As was said by the supreme court of the United States in Cleveland v. Cleveland City Railroad Company, supra, page 534:
“That in passing ordinances, based upon the grant of power referred to, the municipal council of Cleveland was exercising a portion of the authority of the State, as an agency of the State, cannot in reason be disputed. If, therefore, the ordinances passed after August, 1879, and referred to previously, which ordinances were accepted by the predecessors of the complainant, with whom it is in privity, constituted contracts in respect to the rates of fare to be thereafter charged upon the consolidated and extended lines (affected by the ordinances) as an entirety, it necessarily follows that the ordinance of October, 1898, impaired these contracts.
“The question for decision then is Did the consolidated ordinance of February, 1885, and the ordinances thereafter passed and accepted, already referred to, constitute binding contracts in respect to the rates of fare to be thereafter exacted upon *336the consolidated and extended lines of the complainant ?
“That in the courts of Ohio the acceptance of an ordinance of the character of those just referred to is deemed to create a binding contract is settled.”
It was held in the above case that a consolidated ordinance of February, 1885, of the city, and ordinances thereafter passed by the municipality and accepted by the companies, constituted such binding contracts in respect to the rate of fare to be exacted on the lines of the company as to deprive the city of its right to exercise the reservations in the original ordinances as to changing rates of fare, and that the ordinance of October, 1898, reducing fare to be charged was void and unconstitutional within the impairment clause of the federal constitution. In the cases of Cincinnati v. Pub. Util. Comm., 96 Ohio St., 554, and 96 Ohio St., 270, the questions determined in this case were not presented to the court.

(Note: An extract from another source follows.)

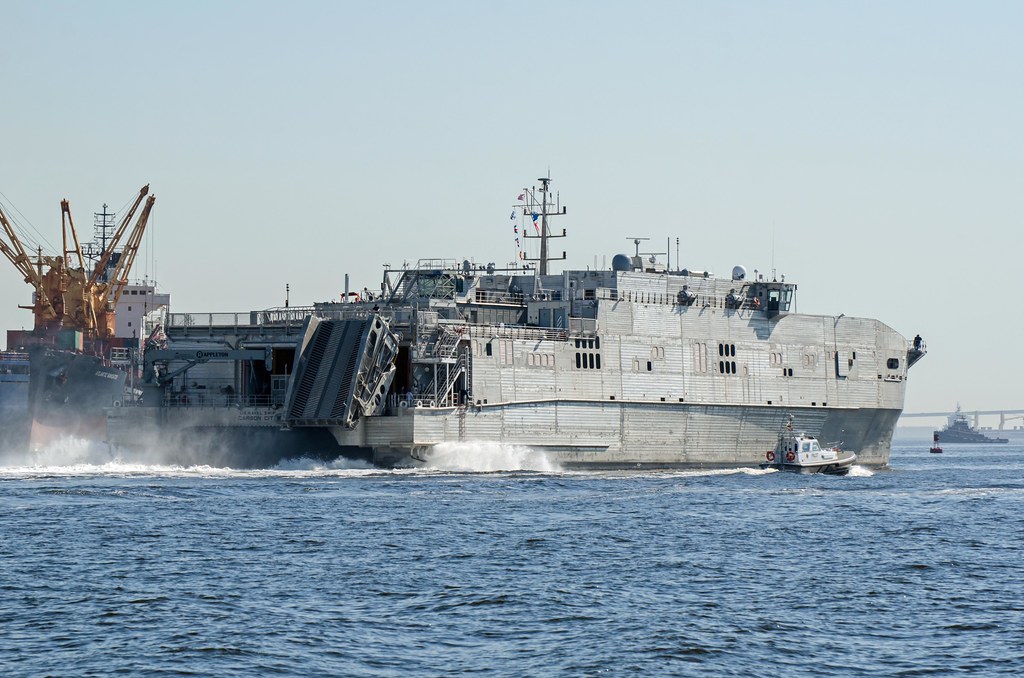 θηριώδες» καταμαράν USNS Carson City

Counsel for defendant in error cite State, ex rel. Webster, v. Superior Court, 67 Wash., 37, in which case it was held that a city which granted a franchise to a telephone company, fixing rates, could not attack the constitutionality of a public utilities act passed thereafter, under which the rates were raised, on the ground that the contract in the franchise was impaired thereby. In that case, the case of Cleveland v. Cleveland City Rd. Co., supra, was relied on by counsel for the city. But the supreme court of Washington point out that in the Cleveland Railroad case express authority had been conferred on the city by the Ohio statute, while, in the
*337Washington case, the power to fix rates was a right reserved to the legislature of the state by the constitution of that state and so was not incident to a freehold charter. See also Woodburn v. Public Service Commission, 82 Ore., 114, which is likewise cited by the defendant in error, where it was also held that the right was reserved to the state.

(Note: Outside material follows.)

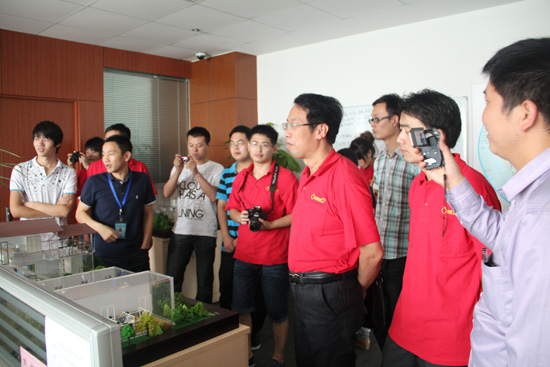 �c���´��ڴ��_��D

As we have seen, the state and federal courts have held that in Ohio “express and unmistakable authority” was conferred on the city to make a contract, such as is involved here, and during the life of the contract the parties operating under it are bound by its terms.
These views as to the contractual relations of the parties, whose interests are concerned in the proceeding, are conclusive of the case, and it is not necessary to decide the other questions suggested.
The order of the commission will be reversed.
Order reversed.
Nichols, C. J., Wanamaicer and Newman, JJ., concur.